Each entry links to its dedicated page, which collects the abstract, BibTeX citation, and download links.

Primary Sequence

  1. Overview
    A non-technical exposition of the program’s central question, its logical structure, and the principal results. Serves as a preliminary map of the conceptual terrain before the formal engagement.
  2. Closed Comparison Worlds
    The formal foundation. Develops the theory of binary comparison predicates, rectangular completeness, profile-maximality, and the obstruction to subsystem attribution in a finitary setting. This paper establishes the core architecture from which all subsequent work proceeds.
  3. Closed Systems from Comparison Completeness
    The comprehensive treatise. Constructs the full theory from comparison data through quotient semantics, transport obstruction, and the emergence of smooth Riemannian geometry, culminating in the theorem that a genuinely closed three-dimensional system is diffeomorphic to S³.
  4. Rectangular Completeness and Standard Physical Closure
    Shows that closure as rectangular completeness equals the full-product component of classical closure and captures the product-state sector of quantum mechanics, while strictly generalizing standard closure to relational comparison data.
  5. Four Axes of Structural Error
    Applies the closure framework as a diagnostic for foundational problems across physical theory. The four axes—externalization, artificial factorization, premature globalization, reification of repair—are shown to be logically independent and to recur across classical mechanics, quantum mechanics, quantum field theory, general relativity, and statistical mechanics.
  6. Structural Closure and the Cosmological Misnomer
    Establishes that structural closure (closure under intrinsic comparison) and cosmological closure (open vs. closed FLRW) operate at different logical levels and cannot be identified.
  7. Closure Forces Spherical Geometry
    Proves that at the manifold stage, a genuinely closed three-dimensional system is diffeomorphic to S³: the orthonormal frame bundle and admissible comparison groupoid force transitive isometry action, constant curvature, and—with simple connectivity—the 3-sphere.
  8. Route Invariants and the Geometry of Gauge Transport
    Applies the factorization criterion to gauge transport and holonomy, showing that the obstruction to endpoint-determinedness in gauge theories is an instance of the same structural pattern identified across the program.

Alternative Sequences

Foundations sequence. CCW for the finitary foundations, then CSM for the full construction. The remaining papers—RC, FE, SCC, CFSG, RIE—may be read in any order thereafter, as each addresses a specific aspect of the program without cross-dependencies.

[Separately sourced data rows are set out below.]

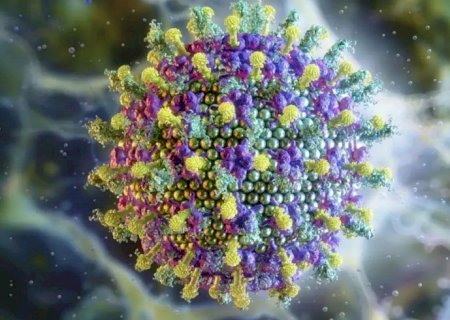 Ministério da Saúde diz que vírus Nipah não ameaça o Brasil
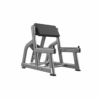 RealLeader Curl a braccia sedute | FW-1004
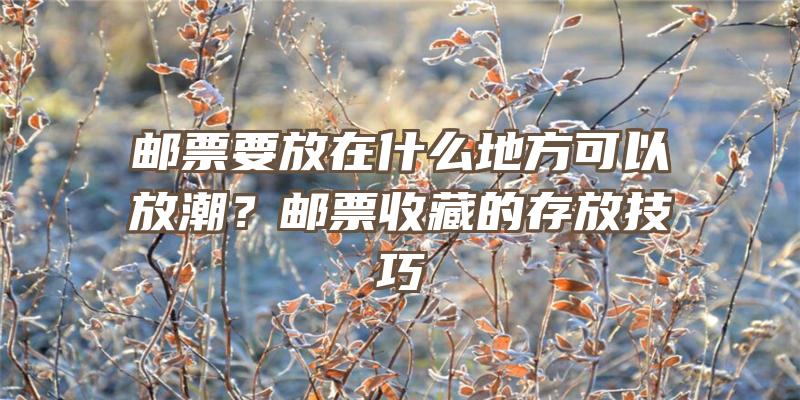 邮票要放在什么地方可以放潮？邮票收藏的存放技巧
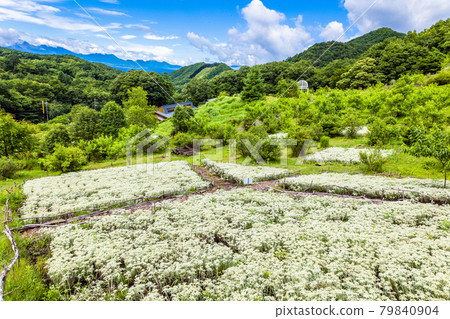 雪絨花花田和景色 雪絨花花田和景色 79840904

Structural physics sequence. Overview, then FE and RC, which connect the closure framework to familiar problems in gauge theory and general relativity. CSM supplies the technical development of the geometry.

S³ theorem. The Overview states the result. The full demonstration is given in CSM (Part V: Curvature and the Einstein Boundary) and CFSG (S³ theorem), with necessary preliminaries in CCW.